▸ **Your goal**: Restate all the data exactly, so that each line is the same as before.

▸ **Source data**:
-*-
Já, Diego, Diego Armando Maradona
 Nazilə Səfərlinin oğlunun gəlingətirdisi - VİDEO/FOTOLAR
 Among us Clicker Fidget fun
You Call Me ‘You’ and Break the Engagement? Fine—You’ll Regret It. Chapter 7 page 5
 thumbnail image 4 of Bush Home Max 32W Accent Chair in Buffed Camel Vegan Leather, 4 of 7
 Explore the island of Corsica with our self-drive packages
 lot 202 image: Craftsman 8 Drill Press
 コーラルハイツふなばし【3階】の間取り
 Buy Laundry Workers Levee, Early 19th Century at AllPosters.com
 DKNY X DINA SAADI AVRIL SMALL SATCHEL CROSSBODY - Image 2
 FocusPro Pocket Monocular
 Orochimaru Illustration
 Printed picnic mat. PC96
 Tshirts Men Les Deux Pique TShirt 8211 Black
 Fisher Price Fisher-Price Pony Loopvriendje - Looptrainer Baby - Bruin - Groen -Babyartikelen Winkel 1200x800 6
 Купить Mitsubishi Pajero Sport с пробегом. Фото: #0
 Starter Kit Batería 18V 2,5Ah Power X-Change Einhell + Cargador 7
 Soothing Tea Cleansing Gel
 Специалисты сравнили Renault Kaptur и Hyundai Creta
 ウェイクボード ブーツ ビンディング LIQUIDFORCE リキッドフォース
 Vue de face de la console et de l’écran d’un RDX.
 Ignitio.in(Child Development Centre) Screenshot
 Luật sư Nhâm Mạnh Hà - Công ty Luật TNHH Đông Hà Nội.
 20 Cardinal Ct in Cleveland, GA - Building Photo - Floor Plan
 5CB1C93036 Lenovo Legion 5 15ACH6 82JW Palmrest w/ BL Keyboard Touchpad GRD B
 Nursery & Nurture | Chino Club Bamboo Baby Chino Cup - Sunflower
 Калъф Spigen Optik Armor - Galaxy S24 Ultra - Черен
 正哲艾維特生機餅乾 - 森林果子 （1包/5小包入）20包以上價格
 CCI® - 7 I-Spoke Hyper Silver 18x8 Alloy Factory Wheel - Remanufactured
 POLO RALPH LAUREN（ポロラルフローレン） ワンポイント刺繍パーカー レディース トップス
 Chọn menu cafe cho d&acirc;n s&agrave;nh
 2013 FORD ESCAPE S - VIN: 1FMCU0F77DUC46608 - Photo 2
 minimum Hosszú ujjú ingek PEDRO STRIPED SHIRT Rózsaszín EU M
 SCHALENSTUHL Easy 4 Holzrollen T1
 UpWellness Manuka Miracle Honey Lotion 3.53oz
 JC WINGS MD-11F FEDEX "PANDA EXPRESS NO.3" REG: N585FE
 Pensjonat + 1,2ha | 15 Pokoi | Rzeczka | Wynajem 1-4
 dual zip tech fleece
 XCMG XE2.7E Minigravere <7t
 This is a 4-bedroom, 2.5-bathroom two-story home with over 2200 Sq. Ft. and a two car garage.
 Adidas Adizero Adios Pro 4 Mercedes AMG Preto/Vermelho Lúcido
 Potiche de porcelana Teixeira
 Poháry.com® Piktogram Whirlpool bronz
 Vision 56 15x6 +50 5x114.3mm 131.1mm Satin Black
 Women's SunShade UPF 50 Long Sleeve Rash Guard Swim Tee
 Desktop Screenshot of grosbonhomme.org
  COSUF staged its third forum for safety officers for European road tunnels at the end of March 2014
-*-
▸ **Exercise response**:
Já, Diego, Diego Armando Maradona
 Nazilə Səfərlinin oğlunun gəlingətirdisi - VİDEO/FOTOLAR
 Among us Clicker Fidget fun
You Call Me ‘You’ and Break the Engagement? Fine—You’ll Regret It. Chapter 7 page 5
 thumbnail image 4 of Bush Home Max 32W Accent Chair in Buffed Camel Vegan Leather, 4 of 7
 Explore the island of Corsica with our self-drive packages
 lot 202 image: Craftsman 8 Drill Press
 コーラルハイツふなばし【3階】の間取り
 Buy Laundry Workers Levee, Early 19th Century at AllPosters.com
 DKNY X DINA SAADI AVRIL SMALL SATCHEL CROSSBODY - Image 2
 FocusPro Pocket Monocular
 Orochimaru Illustration
 Printed picnic mat. PC96
 Tshirts Men Les Deux Pique TShirt 8211 Black
 Fisher Price Fisher-Price Pony Loopvriendje - Looptrainer Baby - Bruin - Groen -Babyartikelen Winkel 1200x800 6
 Купить Mitsubishi Pajero Sport с пробегом. Фото: #0
 Starter Kit Batería 18V 2,5Ah Power X-Change Einhell + Cargador 7
 Soothing Tea Cleansing Gel
 Специалисты сравнили Renault Kaptur и Hyundai Creta
 ウェイクボード ブーツ ビンディング LIQUIDFORCE リキッドフォース
 Vue de face de la console et de l’écran d’un RDX.
 Ignitio.in(Child Development Centre) Screenshot
 Luật sư Nhâm Mạnh Hà - Công ty Luật TNHH Đông Hà Nội.
 20 Cardinal Ct in Cleveland, GA - Building Photo - Floor Plan
 5CB1C93036 Lenovo Legion 5 15ACH6 82JW Palmrest w/ BL Keyboard Touchpad GRD B
 Nursery & Nurture | Chino Club Bamboo Baby Chino Cup - Sunflower
 Калъф Spigen Optik Armor - Galaxy S24 Ultra - Черен
 正哲艾維特生機餅乾 - 森林果子 （1包/5小包入）20包以上價格
 CCI® - 7 I-Spoke Hyper Silver 18x8 Alloy Factory Wheel - Remanufactured
 POLO RALPH LAUREN（ポロラルフローレン） ワンポイント刺繍パーカー レディース トップス
 Chọn menu cafe cho d&acirc;n s&agrave;nh
 2013 FORD ESCAPE S - VIN: 1FMCU0F77DUC46608 - Photo 2
 minimum Hosszú ujjú ingek PEDRO STRIPED SHIRT Rózsaszín EU M
 SCHALENSTUHL Easy 4 Holzrollen T1
 UpWellness Manuka Miracle Honey Lotion 3.53oz
 JC WINGS MD-11F FEDEX "PANDA EXPRESS NO.3" REG: N585FE
 Pensjonat + 1,2ha | 15 Pokoi | Rzeczka | Wynajem 1-4
 dual zip tech fleece
 XCMG XE2.7E Minigravere <7t
 This is a 4-bedroom, 2.5-bathroom two-story home with over 2200 Sq. Ft. and a two car garage.
 Adidas Adizero Adios Pro 4 Mercedes AMG Preto/Vermelho Lúcido
 Potiche de porcelana Teixeira
 Poháry.com® Piktogram Whirlpool bronz
 Vision 56 15x6 +50 5x114.3mm 131.1mm Satin Black
 Women's SunShade UPF 50 Long Sleeve Rash Guard Swim Tee
 Desktop Screenshot of grosbonhomme.org
  COSUF staged its third forum for safety officers for European road tunnels at the end of March 2014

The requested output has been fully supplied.